§ What you need to do
Output all entries precisely and leave out the pictures.

::::

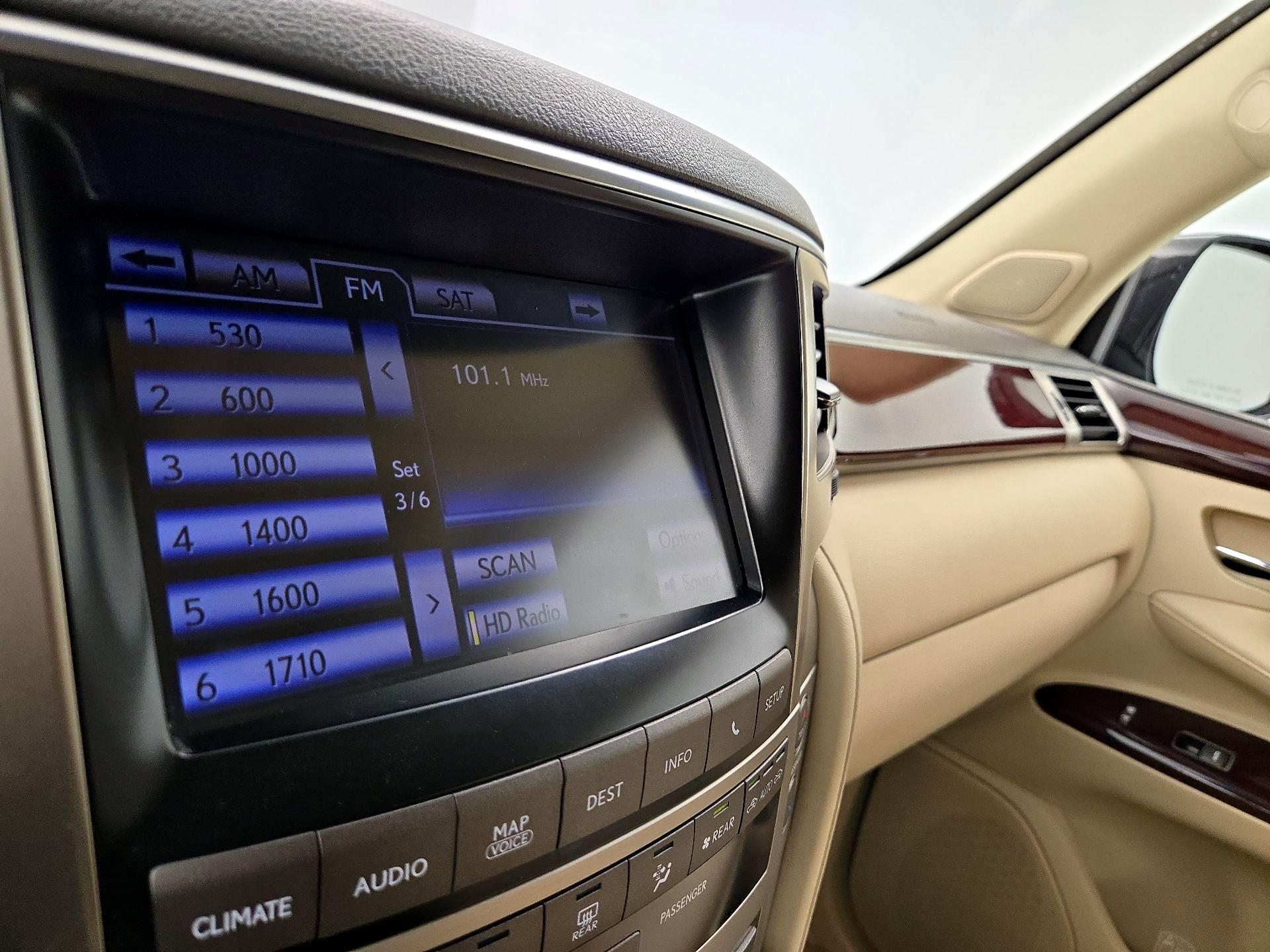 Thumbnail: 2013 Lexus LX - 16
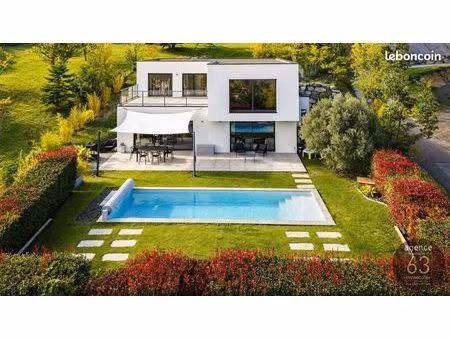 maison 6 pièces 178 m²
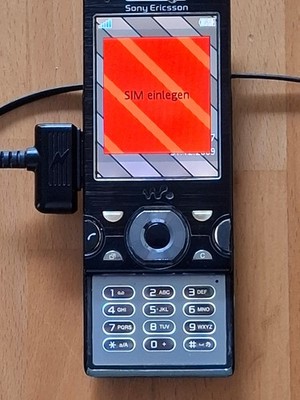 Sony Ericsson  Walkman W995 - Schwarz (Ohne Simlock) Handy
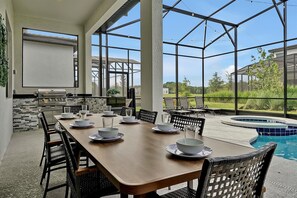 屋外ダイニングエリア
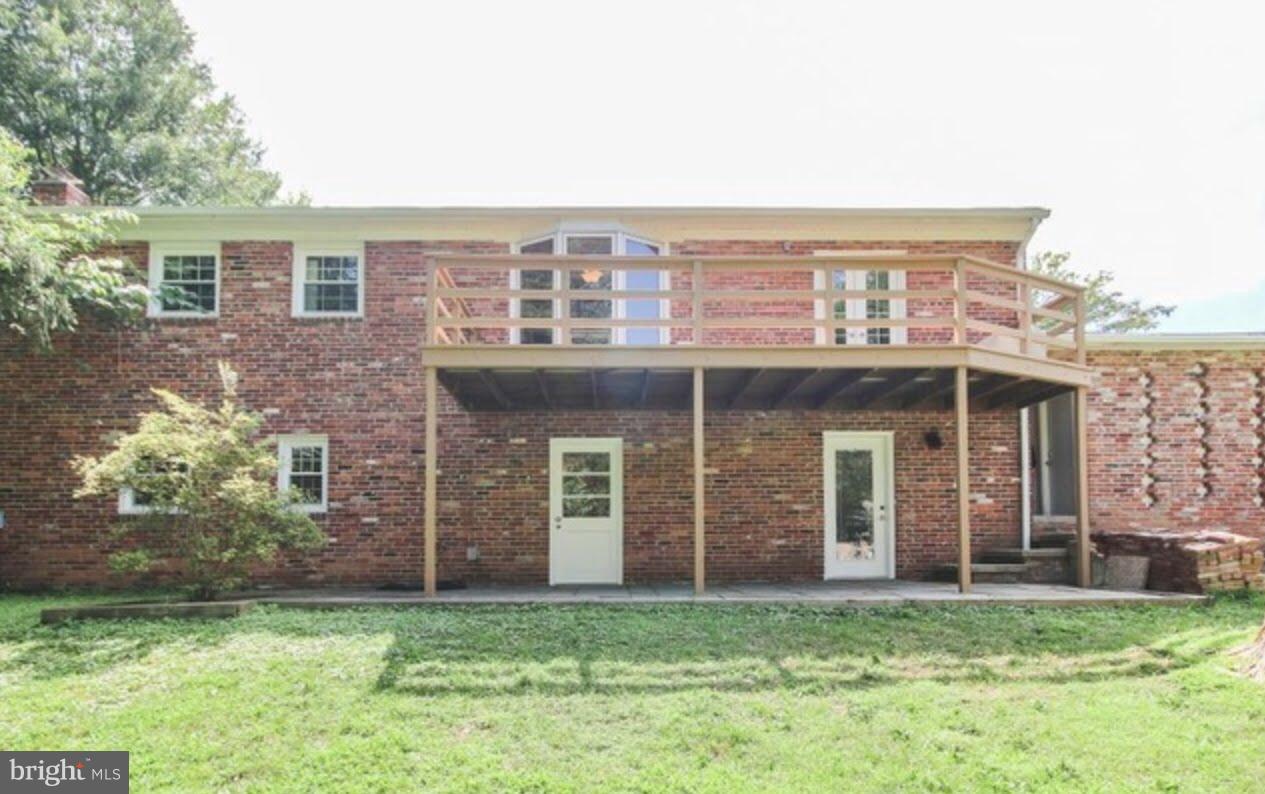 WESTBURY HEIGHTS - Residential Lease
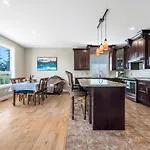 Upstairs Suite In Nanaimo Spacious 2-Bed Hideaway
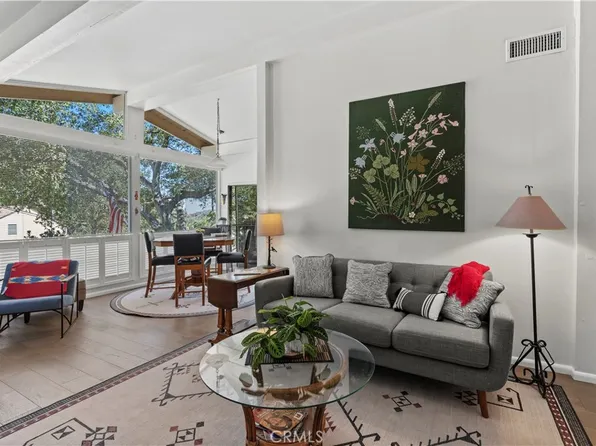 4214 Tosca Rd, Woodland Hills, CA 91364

::::

§ Response to this exercise
 Thumbnail: 2013 Lexus LX - 16
 maison 6 pièces 178 m²
 Sony Ericsson  Walkman W995 - Schwarz (Ohne Simlock) Handy
 屋外ダイニングエリア
 WESTBURY HEIGHTS - Residential Lease
 Upstairs Suite In Nanaimo Spacious 2-Bed Hideaway
 4214 Tosca Rd, Woodland Hills, CA 91364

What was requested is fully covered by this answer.